**EXERCISE DATA**
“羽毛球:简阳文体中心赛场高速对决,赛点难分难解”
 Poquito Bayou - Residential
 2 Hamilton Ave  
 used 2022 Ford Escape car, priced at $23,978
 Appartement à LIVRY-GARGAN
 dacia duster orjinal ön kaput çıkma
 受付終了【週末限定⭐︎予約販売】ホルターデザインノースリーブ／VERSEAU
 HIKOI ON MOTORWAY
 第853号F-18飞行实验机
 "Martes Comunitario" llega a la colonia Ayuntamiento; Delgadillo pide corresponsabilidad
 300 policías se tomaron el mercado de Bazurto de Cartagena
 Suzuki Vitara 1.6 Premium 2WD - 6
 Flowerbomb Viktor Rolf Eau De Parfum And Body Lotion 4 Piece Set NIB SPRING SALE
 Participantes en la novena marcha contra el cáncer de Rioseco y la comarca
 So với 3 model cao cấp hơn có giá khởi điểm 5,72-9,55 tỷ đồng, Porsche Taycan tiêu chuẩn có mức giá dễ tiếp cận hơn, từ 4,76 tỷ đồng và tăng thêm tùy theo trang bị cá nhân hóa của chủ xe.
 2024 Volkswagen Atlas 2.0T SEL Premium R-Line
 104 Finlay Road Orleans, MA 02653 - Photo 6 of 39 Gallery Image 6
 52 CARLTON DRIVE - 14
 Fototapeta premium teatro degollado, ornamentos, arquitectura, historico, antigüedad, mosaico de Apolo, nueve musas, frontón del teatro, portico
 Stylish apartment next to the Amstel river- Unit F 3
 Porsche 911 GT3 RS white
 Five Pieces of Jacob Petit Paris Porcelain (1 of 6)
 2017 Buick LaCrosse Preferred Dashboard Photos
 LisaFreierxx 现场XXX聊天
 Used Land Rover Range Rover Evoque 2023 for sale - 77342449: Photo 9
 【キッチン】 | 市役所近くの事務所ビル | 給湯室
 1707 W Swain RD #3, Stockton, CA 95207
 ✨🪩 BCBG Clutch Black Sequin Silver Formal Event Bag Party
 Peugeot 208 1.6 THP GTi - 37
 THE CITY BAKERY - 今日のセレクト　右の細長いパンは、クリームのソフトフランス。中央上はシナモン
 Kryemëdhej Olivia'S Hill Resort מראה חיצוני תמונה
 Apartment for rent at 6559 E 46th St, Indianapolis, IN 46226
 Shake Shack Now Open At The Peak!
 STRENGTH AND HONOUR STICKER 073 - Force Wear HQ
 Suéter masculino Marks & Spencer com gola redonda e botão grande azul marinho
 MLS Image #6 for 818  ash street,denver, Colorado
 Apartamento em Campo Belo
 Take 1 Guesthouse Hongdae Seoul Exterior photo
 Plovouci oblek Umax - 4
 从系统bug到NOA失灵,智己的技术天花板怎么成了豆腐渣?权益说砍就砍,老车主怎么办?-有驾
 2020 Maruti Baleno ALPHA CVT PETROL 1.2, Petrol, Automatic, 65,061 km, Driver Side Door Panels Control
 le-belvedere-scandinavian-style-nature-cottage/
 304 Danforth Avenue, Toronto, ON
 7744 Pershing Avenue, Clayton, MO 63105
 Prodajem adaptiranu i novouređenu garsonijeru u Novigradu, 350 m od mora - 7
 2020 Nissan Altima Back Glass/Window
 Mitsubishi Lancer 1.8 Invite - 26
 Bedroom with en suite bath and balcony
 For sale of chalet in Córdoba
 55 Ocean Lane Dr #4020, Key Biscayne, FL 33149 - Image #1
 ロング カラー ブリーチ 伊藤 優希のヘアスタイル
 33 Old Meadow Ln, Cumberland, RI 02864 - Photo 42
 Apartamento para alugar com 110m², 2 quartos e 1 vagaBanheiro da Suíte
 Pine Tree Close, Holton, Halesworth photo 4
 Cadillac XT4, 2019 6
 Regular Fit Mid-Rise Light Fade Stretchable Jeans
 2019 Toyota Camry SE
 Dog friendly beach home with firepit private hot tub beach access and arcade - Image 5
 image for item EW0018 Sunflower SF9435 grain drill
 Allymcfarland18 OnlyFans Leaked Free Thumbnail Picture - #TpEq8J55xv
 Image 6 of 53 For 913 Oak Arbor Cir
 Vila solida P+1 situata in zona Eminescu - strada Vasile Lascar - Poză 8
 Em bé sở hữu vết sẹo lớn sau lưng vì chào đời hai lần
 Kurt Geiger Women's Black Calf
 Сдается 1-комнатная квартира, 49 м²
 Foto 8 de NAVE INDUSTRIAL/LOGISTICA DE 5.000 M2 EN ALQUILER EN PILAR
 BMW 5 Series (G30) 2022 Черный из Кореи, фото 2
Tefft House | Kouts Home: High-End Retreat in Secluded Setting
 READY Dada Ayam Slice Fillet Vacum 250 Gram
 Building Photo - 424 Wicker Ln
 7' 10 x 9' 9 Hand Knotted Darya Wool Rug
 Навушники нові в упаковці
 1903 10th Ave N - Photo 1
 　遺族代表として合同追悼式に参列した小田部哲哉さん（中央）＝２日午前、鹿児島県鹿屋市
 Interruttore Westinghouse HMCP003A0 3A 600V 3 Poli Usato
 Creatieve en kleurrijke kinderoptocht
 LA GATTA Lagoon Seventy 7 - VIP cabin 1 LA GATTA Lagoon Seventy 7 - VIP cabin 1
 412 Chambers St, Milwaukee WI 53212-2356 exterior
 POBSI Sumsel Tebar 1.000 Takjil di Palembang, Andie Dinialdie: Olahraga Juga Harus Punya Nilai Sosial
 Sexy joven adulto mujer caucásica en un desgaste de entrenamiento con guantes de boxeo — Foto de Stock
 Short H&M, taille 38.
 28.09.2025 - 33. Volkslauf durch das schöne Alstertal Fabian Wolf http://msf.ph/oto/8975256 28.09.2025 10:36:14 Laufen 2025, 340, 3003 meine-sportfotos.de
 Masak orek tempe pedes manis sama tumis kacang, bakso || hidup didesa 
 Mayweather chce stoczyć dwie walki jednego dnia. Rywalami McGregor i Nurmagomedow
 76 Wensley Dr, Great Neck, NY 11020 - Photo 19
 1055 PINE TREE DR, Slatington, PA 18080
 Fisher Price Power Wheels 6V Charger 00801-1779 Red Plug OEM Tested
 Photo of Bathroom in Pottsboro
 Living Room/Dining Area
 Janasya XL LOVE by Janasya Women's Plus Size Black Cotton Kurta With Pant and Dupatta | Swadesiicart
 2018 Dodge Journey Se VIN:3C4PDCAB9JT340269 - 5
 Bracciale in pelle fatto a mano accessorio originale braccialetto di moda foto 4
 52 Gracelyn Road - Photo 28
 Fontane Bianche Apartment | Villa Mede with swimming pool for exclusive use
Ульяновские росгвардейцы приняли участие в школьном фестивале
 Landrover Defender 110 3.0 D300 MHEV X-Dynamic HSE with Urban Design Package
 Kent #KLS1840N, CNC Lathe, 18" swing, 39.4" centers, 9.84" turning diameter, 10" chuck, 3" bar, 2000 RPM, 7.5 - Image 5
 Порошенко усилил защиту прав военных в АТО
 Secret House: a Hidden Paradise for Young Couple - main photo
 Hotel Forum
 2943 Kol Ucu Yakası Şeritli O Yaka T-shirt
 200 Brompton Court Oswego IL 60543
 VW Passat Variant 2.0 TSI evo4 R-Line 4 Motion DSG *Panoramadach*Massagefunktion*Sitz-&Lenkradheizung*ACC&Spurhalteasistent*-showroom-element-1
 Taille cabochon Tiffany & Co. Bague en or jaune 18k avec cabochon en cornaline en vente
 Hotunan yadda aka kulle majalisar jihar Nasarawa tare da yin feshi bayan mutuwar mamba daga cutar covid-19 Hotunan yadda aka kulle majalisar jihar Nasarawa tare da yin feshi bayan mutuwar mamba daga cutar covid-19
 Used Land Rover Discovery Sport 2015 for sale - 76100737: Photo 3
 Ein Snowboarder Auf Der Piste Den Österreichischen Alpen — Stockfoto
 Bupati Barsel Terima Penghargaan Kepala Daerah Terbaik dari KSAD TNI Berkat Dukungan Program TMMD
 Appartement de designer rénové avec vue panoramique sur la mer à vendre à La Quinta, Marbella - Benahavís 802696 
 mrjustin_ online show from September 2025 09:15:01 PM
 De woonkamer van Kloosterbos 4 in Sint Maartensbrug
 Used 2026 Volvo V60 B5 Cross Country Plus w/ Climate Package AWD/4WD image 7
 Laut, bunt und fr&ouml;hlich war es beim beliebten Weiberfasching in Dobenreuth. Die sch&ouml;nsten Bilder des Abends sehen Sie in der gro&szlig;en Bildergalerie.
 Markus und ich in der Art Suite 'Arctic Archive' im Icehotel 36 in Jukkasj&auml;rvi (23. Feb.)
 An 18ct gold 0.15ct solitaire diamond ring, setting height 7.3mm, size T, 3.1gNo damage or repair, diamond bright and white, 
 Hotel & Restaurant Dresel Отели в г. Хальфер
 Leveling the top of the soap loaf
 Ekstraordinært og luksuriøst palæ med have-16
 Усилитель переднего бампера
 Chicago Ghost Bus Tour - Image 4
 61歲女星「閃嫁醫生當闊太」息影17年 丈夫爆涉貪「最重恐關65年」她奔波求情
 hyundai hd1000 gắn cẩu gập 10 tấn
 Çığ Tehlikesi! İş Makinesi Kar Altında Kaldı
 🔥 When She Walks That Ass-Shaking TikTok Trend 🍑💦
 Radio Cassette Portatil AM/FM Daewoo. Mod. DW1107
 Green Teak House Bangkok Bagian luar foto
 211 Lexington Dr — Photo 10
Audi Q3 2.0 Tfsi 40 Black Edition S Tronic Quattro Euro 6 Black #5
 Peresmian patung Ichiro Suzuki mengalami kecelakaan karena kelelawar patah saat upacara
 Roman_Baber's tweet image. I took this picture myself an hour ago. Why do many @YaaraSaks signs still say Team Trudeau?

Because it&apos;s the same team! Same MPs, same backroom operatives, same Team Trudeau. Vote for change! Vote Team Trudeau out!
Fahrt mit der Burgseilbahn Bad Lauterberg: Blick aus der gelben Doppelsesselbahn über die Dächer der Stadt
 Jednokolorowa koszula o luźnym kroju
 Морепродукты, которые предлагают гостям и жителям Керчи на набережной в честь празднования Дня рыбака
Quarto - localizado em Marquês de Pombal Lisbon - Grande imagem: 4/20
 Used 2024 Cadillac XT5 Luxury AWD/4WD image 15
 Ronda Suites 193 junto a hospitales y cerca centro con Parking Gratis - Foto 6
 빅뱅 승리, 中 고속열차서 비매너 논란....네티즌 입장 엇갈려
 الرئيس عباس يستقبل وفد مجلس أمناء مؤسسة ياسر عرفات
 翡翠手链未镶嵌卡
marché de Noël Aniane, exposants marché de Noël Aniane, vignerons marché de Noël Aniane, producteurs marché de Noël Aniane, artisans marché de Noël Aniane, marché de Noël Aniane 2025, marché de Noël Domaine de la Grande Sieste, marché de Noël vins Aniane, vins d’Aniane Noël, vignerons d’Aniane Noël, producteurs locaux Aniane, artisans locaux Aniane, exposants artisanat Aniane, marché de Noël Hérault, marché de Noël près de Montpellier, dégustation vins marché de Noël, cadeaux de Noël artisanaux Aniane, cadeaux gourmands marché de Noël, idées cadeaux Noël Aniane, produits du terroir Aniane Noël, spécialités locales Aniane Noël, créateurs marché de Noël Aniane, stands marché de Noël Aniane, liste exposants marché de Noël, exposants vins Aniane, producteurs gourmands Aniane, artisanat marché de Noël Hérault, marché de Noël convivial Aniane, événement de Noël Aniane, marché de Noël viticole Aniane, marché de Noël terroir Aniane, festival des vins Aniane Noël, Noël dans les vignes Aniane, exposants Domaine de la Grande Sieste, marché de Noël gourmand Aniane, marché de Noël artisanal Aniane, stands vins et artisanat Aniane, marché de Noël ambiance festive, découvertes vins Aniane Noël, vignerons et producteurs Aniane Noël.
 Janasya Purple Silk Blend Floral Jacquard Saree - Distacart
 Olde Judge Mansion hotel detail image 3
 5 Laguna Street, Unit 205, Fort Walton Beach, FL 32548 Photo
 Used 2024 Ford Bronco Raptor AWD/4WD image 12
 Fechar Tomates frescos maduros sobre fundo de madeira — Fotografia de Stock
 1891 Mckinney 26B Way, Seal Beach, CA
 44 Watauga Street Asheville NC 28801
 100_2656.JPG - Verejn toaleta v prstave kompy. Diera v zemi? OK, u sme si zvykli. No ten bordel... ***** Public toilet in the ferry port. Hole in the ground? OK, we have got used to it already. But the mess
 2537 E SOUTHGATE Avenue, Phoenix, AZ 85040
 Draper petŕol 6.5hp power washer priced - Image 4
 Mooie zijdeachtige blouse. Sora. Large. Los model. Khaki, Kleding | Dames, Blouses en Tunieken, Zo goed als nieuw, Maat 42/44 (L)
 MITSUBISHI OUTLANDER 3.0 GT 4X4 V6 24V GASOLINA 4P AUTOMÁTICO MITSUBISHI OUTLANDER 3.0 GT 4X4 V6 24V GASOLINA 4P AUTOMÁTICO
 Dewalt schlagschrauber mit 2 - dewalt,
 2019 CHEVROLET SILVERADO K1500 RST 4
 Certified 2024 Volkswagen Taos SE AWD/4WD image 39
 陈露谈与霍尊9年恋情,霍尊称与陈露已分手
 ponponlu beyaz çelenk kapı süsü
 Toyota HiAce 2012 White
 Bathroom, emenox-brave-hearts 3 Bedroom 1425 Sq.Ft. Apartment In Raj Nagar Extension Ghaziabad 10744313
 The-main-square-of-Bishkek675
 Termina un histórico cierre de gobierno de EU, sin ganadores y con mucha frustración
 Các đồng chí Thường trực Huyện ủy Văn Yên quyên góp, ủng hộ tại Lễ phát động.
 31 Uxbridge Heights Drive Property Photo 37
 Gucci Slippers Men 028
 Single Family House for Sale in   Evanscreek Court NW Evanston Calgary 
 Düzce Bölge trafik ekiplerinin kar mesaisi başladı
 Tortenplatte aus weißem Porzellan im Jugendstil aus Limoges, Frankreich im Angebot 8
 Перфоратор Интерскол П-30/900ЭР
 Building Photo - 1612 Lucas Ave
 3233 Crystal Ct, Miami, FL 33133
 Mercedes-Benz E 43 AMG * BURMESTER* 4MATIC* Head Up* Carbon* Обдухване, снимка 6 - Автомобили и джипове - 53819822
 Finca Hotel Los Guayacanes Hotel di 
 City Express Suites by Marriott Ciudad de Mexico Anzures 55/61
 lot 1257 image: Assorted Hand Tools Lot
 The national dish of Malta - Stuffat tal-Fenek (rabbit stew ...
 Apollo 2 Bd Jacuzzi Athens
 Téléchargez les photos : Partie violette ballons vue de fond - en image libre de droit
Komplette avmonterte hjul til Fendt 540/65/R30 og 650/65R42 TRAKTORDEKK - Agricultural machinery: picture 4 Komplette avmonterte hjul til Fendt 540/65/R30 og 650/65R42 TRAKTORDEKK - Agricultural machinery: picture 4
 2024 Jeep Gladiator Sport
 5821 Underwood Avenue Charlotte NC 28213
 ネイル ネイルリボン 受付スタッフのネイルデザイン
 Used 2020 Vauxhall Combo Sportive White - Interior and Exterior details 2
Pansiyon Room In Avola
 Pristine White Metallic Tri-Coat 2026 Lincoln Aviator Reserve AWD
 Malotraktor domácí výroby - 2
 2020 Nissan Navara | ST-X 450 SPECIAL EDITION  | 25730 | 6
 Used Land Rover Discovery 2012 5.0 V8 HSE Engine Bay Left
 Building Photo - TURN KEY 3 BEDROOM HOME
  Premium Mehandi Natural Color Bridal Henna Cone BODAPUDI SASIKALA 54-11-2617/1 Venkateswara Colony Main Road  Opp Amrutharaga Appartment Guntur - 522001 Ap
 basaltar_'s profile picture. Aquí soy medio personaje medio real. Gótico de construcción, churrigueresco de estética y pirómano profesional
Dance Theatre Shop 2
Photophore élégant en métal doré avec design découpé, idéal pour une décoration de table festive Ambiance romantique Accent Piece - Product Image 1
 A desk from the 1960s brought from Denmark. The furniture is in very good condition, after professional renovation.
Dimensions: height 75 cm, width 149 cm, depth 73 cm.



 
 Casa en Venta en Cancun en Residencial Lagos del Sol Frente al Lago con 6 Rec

**THE TASK**
Quote the data above from the line containing "33 Old Meadow" to the line containing "Allymcfarland18 OnlyFans Leaked", inclusive, and stop.

**RESULT FOR THIS EXERCISE**
 33 Old Meadow Ln, Cumberland, RI 02864 - Photo 42
 Apartamento para alugar com 110m², 2 quartos e 1 vagaBanheiro da Suíte
 Pine Tree Close, Holton, Halesworth photo 4
 Cadillac XT4, 2019 6
 Regular Fit Mid-Rise Light Fade Stretchable Jeans
 2019 Toyota Camry SE
 Dog friendly beach home with firepit private hot tub beach access and arcade - Image 5
 image for item EW0018 Sunflower SF9435 grain drill
 Allymcfarland18 OnlyFans Leaked Free Thumbnail Picture - #TpEq8J55xv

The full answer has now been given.